So my iPod is gone. It’s been over five weeks since I last saw it and by now I know in my bones that it’s not going to turn up somewhere. It’s either been stolen, or lost and then stolen. I’ve been through the Kubler-Ross stages and now have reached acceptance. It’s not going to turn up.

The iPod in question was only a few months old. I got it as a gift to myself for completing The Perfect Thing. It is inscribed, in fact, “The Perfect Thing, October 26, 2006.” That was the publication date of the book, five years to the day after the original iPod came out. If you ever see an iPod with that inscription, feel free to confront the “owner.”

The original iPod that came out five years ago cost $399 and held 1000 songs. My iPod cost $350 and held up to 20,000 songs. It could also play videos and movies and podcasts and games. I had gotten pretty good at a miniature golf game.
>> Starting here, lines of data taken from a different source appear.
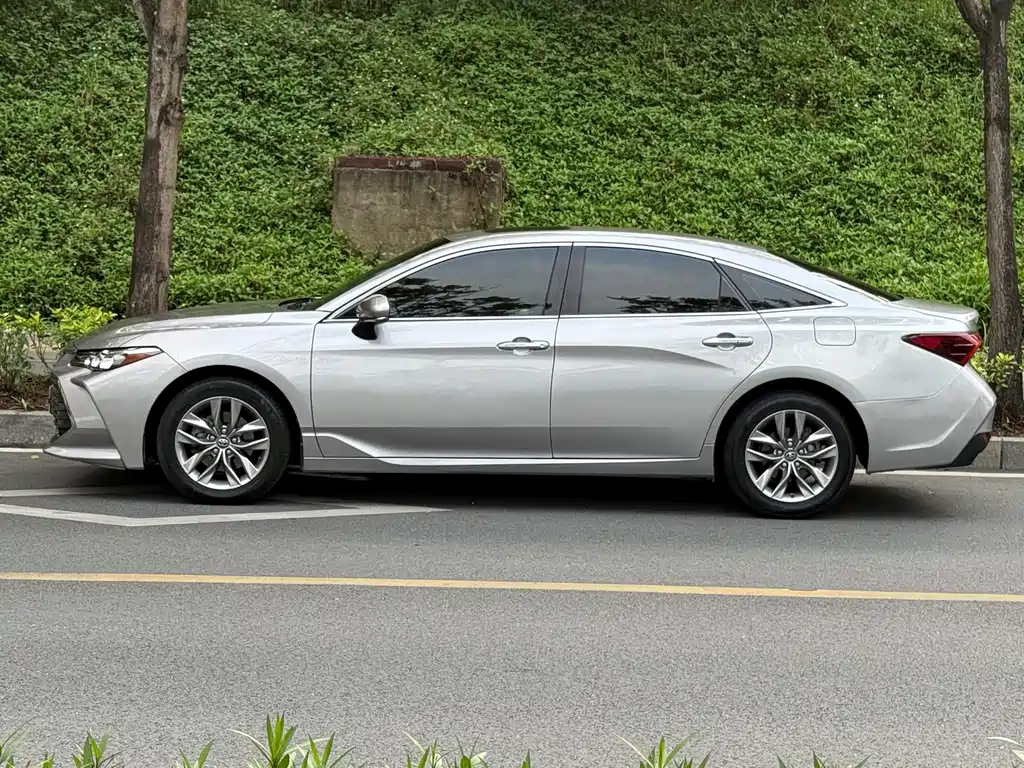 Toyota Avalon 2020 — фото 3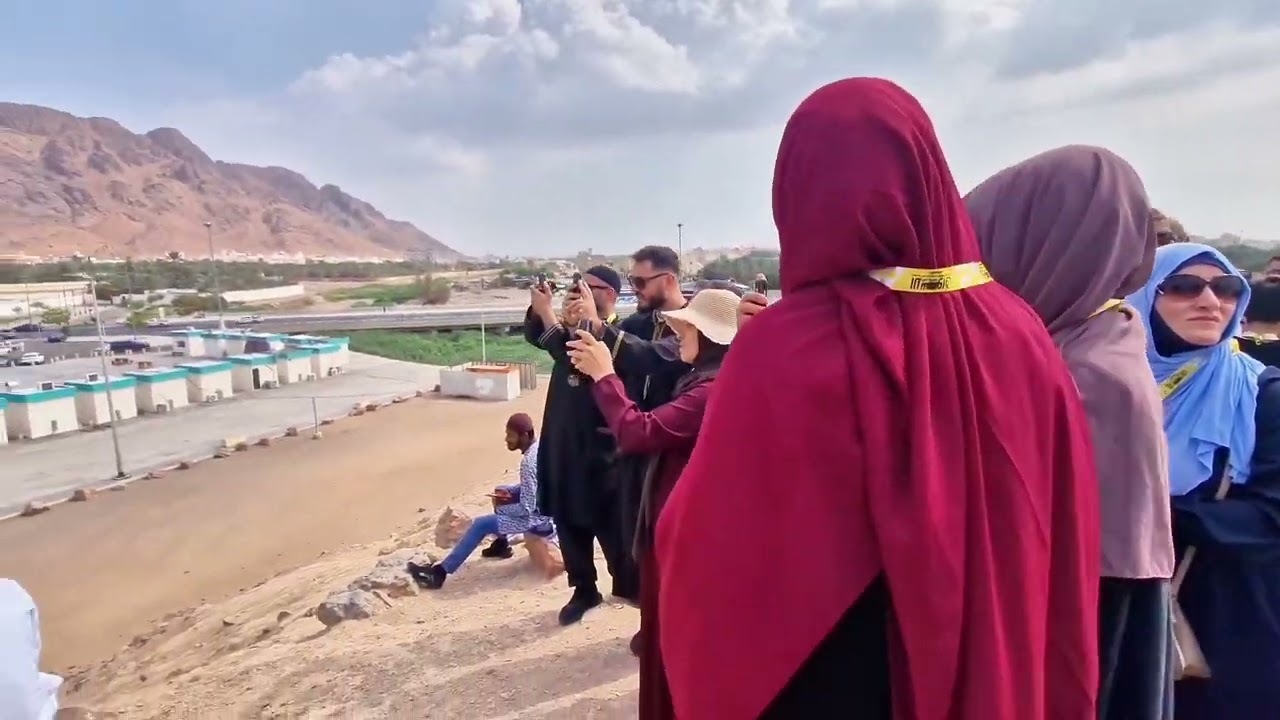 زيارة لشهداء أحد رضي الله عنهم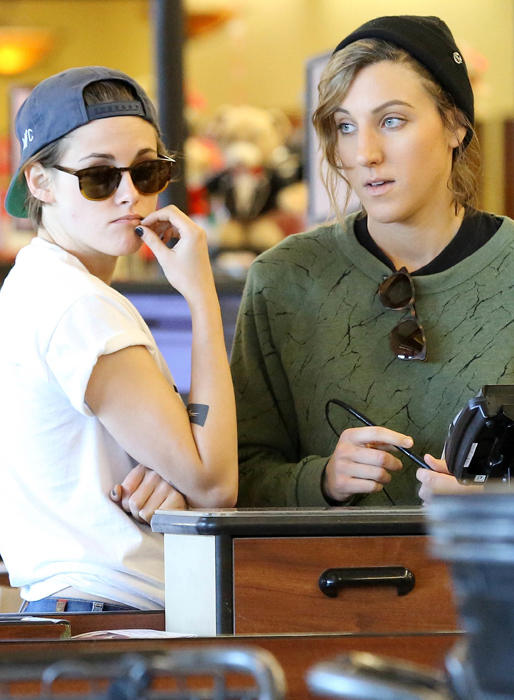 Kristen Stewart och flickvännen Alicia Cargile tar en kaffe i Kalifornien. Kristen Stewart och flickvännen Alicia Cargile tar en kaffe i Kalifornien.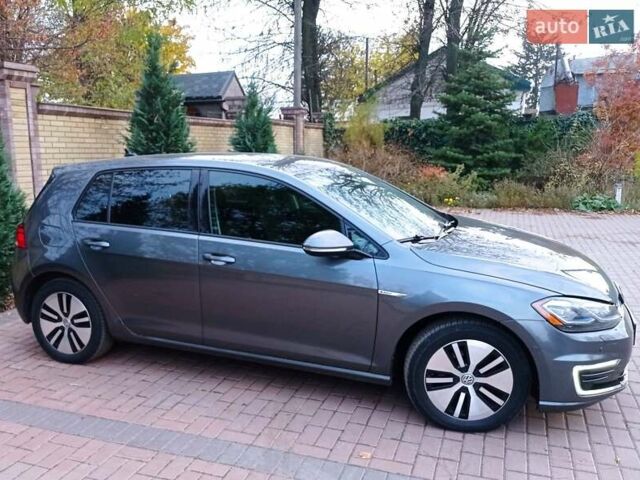 Серый Фольксваген e-Golf, объемом двигателя 0 л и пробегом 96 тыс. км за 11900 $, фото 6 на Automoto.ua
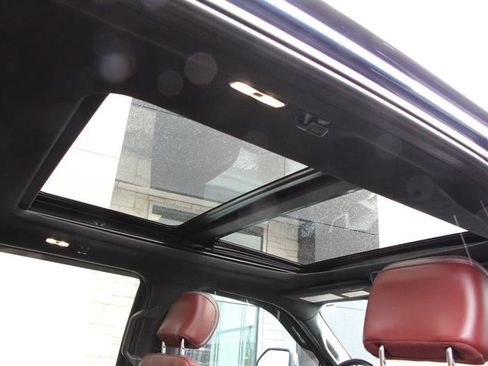 Used 2019 Ford F350 Platinum w/ Platinum Ultimate Package image 17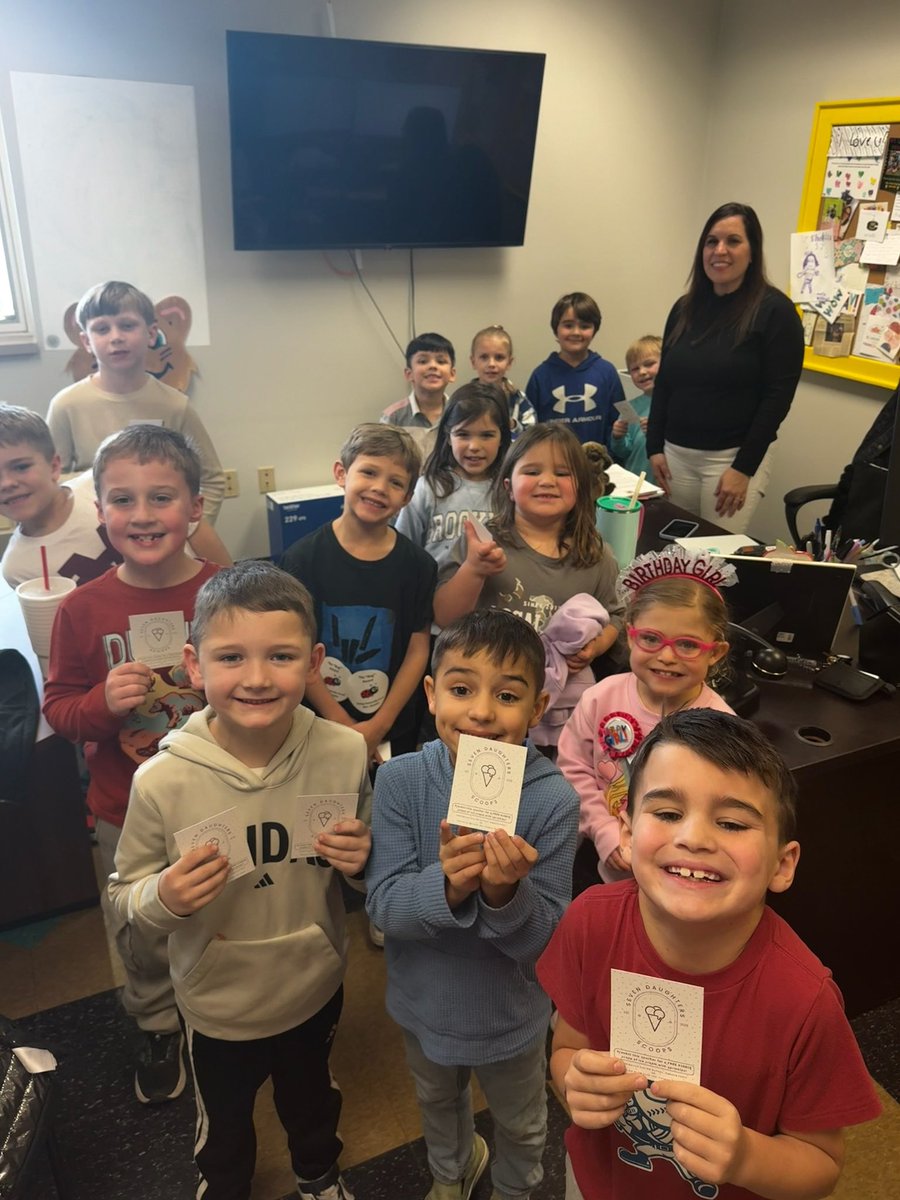 cullmanprimary's tweet photo. More ice cream 🍦 and positive principal phone 📞 calls to celebrate student growth. #BestWe https://t.co/M5VaO2GWvQ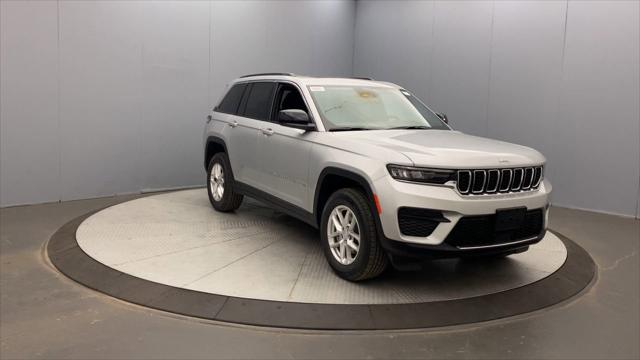 2025 Jeep Grand Cherokee Laredo X 4x4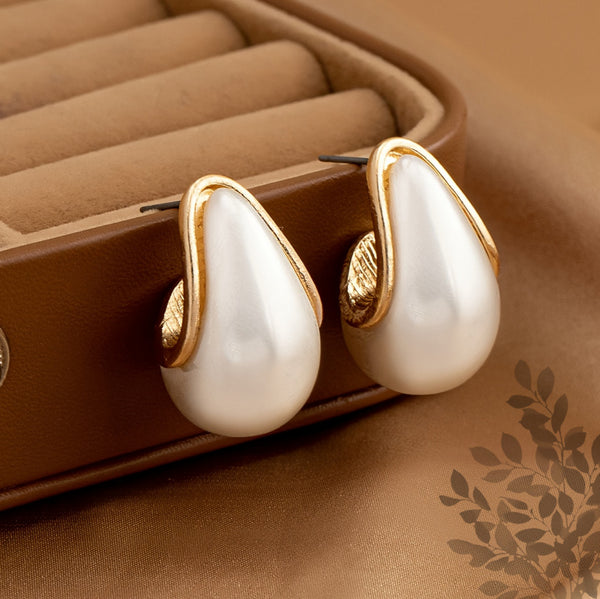 Teardrop Pearl Stud Earrings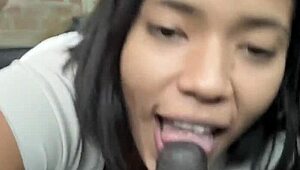 i suck the driver's huge dick to pay for the trip - amateur couple - nysdel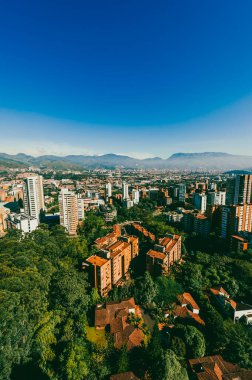 Medellin, Antioquia, Kolombiya. 18 Şubat 2013: Poblado Panoramik. 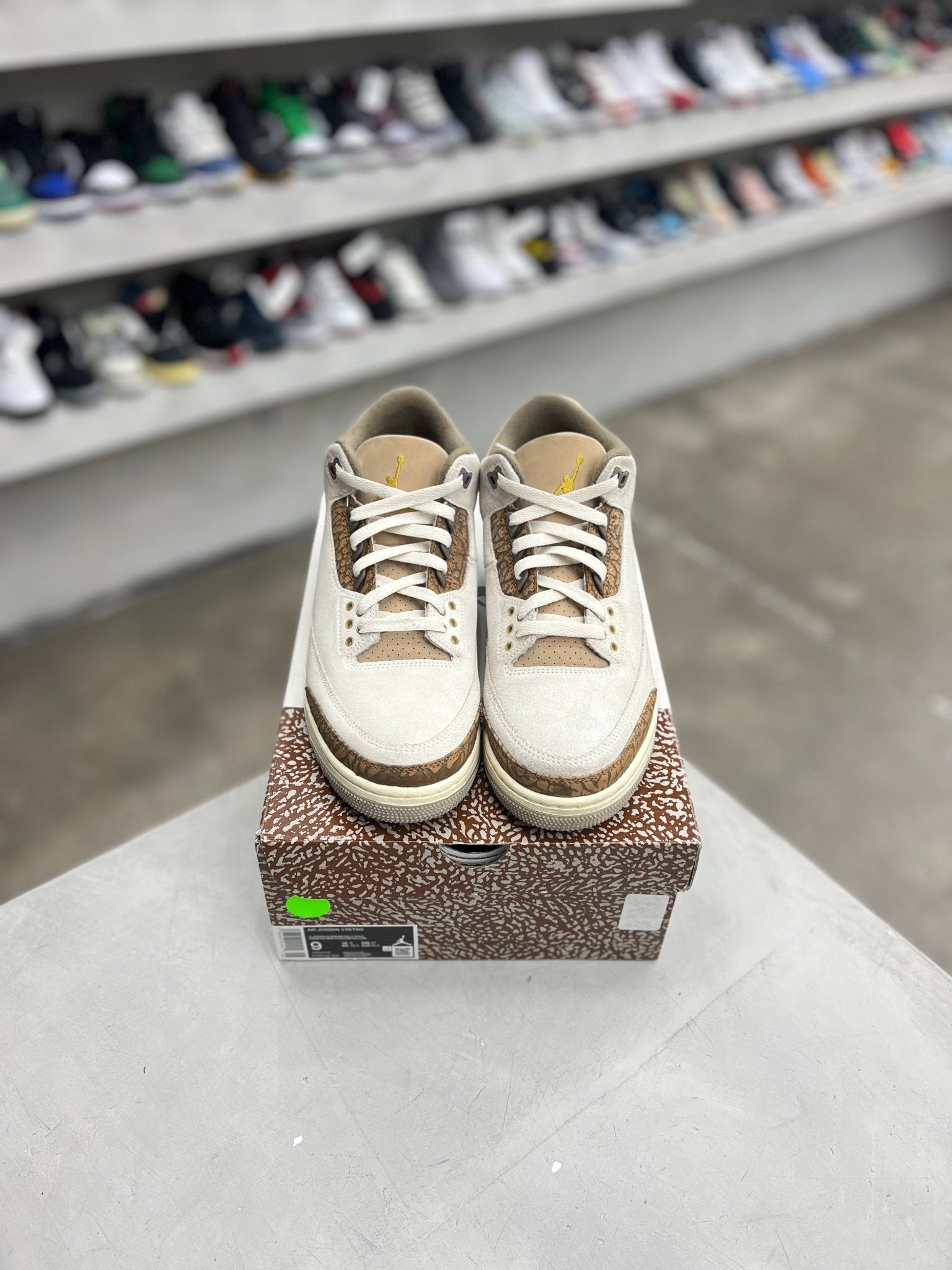 Jordan 3 Retro Palomino Sz 9 (PREOWNED) - Restock AveJordan 3 Retro Palomino Sz 9 (PREOWNED)Restock AveRestock Ave995232115Restock Ave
Someone else is playing it now. Are you that person? Are you playing the courses that opened only after I beat par of the previous course? Are you shuffling through my playlist, jumping from a tune from the Arcade Fire concert in Montreal last January to Bob Dylan and Joan Baez singing “With God on Our Side” from the Newport Folk Festival in 1963, and then to the Rolling Stones? Have you browsed through my family photos and scanned my contact list? Did you watch that episode of “CSI: Las Vegas” that I put there to view on an airplane trip?

If your answer is yes, I beg you: give it back.

I am not alone. Look through Craigslist, do a Google search for “I lost my iPod” and you see people like me similarly suffering. (Though very few have been in the embarrassing position of writing a book about the iPod and then losing one.) I recently was on the campus of a small liberal arts college and discovered that the student newspaper had half a dozen notices of lost or stolen iPods, with blood curses invoked on those who are enjoying the lost devices. They offer rewards for the return of the iPod, or threaten violent consequences if the iPod is not returned. Ha. They will not see their iPods again.

They, like me, will eventually trudge to the Apple store and buy another.

1 Comment

  • it sucks when you loose iPods and stuff …
    i lost mine few days back …
    it really sucks …
    and i’m thinking may be there is like less that zero chance that i’m gonna get it back …
    sucks …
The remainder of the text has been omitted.